Municipality of Oak Bay announces major community plan review

Just don’t say the words “secondary suites.”

When it comes to outlining what a renewed official community plan might include for Oak Bay, Coun. Pam Copley, chair of the review’s working group, shies away from bringing up secondary suites. “I don’t want alarm bells to go off,” she said in a telephone interview following the March 26 announcement that the municipality has launched a major overhaul of its OCP.

But she did concede that a stormy April 2011 public meeting at Monterey recreation centre on legalizing secondary suites attended by 200-plus was the catalyst for the review.

“It was clear to us that we (council) were out of sync in many ways: communication, transparency and just (providing) information,” she said.
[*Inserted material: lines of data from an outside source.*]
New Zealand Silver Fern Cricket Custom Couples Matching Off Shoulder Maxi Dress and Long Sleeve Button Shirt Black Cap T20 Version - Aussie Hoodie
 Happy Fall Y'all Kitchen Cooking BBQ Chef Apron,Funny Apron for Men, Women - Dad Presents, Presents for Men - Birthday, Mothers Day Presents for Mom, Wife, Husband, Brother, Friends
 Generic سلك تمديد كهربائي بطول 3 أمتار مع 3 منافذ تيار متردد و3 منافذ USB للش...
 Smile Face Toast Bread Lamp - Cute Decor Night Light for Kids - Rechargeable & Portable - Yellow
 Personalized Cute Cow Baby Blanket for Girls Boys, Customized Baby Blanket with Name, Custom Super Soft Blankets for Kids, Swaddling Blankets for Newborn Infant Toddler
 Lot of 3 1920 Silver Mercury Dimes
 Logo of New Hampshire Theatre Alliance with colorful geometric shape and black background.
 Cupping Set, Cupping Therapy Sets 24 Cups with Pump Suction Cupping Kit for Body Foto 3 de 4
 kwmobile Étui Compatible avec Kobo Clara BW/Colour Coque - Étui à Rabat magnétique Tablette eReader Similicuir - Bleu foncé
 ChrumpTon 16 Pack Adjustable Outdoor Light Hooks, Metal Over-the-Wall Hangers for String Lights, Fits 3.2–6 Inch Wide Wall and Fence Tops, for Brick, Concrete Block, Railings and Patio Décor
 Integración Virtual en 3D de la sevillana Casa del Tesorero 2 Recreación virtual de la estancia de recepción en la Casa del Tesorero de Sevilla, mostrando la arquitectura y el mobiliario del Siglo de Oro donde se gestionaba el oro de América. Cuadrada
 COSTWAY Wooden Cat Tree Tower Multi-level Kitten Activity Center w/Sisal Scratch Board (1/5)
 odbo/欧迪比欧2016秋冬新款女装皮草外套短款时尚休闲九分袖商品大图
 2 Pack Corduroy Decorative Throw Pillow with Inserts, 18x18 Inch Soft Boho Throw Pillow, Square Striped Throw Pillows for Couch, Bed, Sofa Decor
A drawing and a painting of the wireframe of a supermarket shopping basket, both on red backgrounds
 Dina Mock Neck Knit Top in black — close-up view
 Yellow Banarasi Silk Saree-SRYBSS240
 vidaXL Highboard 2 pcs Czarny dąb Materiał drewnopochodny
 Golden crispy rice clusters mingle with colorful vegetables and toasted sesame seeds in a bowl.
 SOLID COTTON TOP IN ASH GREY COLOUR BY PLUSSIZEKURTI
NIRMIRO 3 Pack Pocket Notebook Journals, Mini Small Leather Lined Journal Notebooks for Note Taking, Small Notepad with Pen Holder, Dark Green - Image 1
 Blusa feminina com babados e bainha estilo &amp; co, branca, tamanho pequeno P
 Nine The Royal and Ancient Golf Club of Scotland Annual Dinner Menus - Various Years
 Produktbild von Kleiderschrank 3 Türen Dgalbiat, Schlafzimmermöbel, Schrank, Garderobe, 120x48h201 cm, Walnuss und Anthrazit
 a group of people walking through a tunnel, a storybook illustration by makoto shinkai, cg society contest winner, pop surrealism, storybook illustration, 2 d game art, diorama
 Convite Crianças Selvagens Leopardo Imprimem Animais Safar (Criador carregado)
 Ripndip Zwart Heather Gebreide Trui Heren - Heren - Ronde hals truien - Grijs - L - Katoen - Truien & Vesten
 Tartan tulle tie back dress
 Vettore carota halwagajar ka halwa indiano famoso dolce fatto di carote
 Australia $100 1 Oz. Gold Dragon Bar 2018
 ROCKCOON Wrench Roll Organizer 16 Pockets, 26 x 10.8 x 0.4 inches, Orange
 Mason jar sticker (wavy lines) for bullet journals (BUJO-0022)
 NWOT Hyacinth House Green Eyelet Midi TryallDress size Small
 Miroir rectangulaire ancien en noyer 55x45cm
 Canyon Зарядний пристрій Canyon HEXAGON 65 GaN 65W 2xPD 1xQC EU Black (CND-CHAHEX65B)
Residents have been calling for an OCP rewrite for years: at council meetings, at public meetings, at Oak Bay’s infrequent protests and in letters to the editor of Oak Bay News. Oak Bay adopted its first OCP – a planning and development guiding policy – in 1981 and it hasn’t been revised since the mid-1990s. The current plan doesn’t address a number of issues, Copley said. Climate change action – something the province has mandated Oak Bay to implement – isn’t mentioned nor does it include 1994 provincial heritage preservation amendments, a particular concern for Copley. “Those need to be embedded in the OCP,” she said.

Oak Bay resident and heritage advocate Ewa Lupin agrees. She led a demonstration at city hall last year protesting the potential subdivision of a heritage-designated property in her Runnymede Place neighbourhood.

“I certainly hope that during the 18-month review of the Official Community Plan, the council will pay considerable attention to the preservation of Oak Bay heritage,” she said.

How to allow seniors to age in place, whether in their own or in care homes, also needs to be examined, Copley said.

The OCP review could take up to two years to draft and will cost between $120,000 to $140,000. Under the direction of a five-member committee, which will include two residents, a consultant will be hired to facilitate the project. Community meetings in which residents can make suggestions as to what should be included in the new document will start this fall and continue through January and February 2013.